Facing Issues in accessing DB and Instantiating object on app load

I want to load data from db and store it in an object and access that object from anywhere in the Django project.
Preferably using the conventional settings.GlobalSettings where settings are the django.conf.

I have a function that should run while the app starts.

How can I achieve that and is it possible?

I have been trying different implementations and getting errors like

  1. AttributeError: ‘Settings’ object has no attribute ‘GlobalSettings’
  2. django.core.exceptions.AppRegistryNotReady: Apps aren’t loaded yet.

I was trying to call that function as a post_migrate signal in the apps.py.
also, I was calling the settings class using from django.conf import settings and added my GlobalSettings in it and tried to load but nothing worked.

I am fairly new to this, any help would be appreciated.

Why? What is the real objective here? (As opposed to retrieving the data from the db when and where it’s needed, or storing the data in cache.)

Generally not a good idea. What is the specific requirement you’re trying to address?

Correct.
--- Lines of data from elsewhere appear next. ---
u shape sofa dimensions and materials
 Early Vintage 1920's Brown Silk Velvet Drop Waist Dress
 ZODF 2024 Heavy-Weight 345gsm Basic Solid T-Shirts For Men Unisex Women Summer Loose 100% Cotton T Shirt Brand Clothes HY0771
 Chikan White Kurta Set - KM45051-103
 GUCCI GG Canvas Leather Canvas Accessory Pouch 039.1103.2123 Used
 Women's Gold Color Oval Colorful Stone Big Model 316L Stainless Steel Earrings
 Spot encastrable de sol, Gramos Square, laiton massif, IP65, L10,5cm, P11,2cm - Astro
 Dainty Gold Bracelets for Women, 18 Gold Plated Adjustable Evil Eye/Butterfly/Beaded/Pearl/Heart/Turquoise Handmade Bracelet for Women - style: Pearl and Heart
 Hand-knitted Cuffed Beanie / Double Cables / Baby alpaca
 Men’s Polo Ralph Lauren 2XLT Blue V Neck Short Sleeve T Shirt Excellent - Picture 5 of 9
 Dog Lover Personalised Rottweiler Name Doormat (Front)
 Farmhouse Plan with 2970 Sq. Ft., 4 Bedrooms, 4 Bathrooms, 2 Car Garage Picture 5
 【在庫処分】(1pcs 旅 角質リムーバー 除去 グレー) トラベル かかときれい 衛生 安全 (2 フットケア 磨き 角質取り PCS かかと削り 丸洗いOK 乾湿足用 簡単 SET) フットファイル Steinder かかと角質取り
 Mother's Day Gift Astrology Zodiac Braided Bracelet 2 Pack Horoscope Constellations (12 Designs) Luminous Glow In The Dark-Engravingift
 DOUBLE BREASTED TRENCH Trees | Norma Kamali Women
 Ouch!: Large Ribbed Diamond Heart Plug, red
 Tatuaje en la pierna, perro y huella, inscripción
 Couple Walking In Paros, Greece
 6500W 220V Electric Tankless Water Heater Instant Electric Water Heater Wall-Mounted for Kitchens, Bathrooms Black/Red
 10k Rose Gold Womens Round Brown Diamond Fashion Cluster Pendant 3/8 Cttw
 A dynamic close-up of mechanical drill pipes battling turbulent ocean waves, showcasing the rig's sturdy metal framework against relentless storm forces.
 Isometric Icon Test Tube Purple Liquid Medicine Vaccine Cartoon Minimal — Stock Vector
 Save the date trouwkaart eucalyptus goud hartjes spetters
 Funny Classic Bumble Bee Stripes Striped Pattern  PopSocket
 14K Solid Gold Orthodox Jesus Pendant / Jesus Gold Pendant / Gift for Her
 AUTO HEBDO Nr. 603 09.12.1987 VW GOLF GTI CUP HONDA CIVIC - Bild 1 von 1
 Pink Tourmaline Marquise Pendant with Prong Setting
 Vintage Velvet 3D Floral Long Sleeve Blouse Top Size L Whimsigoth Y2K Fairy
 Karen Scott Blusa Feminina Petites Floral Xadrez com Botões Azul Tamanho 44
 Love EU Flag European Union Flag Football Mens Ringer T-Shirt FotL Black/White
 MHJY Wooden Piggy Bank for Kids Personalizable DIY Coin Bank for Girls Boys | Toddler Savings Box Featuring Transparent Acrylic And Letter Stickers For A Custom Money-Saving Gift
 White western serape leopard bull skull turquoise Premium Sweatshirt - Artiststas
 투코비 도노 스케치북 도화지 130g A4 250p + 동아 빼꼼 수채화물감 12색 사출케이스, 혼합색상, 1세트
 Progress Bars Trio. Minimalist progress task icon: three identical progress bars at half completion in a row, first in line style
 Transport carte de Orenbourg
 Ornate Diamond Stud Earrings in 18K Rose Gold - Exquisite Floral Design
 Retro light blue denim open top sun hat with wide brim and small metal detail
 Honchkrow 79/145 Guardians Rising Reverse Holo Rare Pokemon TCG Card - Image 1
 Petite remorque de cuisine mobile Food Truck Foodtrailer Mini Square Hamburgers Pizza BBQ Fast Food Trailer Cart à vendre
Your settings are set and are to be considered “read only”.

If you describe your actual requirements and what the ultimate objectives are, we may be able to suggest appropriate solutions.

Hey, thanks for your response.

As mentioned it is a GlobalSettings object and I need it to be accessed frequently, and other attrs that I use continuously and those attrs depend on the value stored in db.

Any other solution would appreciated.

I was trying to do so; just to reduce repeated object instantiation and repeated db calls.

If you provide a detailed description of the underlying requirement, we might be able to offer some specific suggestions, however …

it is highly unlikely that this is something you should be worried about. If this is the only underlying reason for this, I woudn’t bother.

I am trying to instantiate a Gemini for object and for that, I need values from db; this object is being used in various places. across multiple apps.

Then I suggest you identify a serialized representation of it and store it in a cache.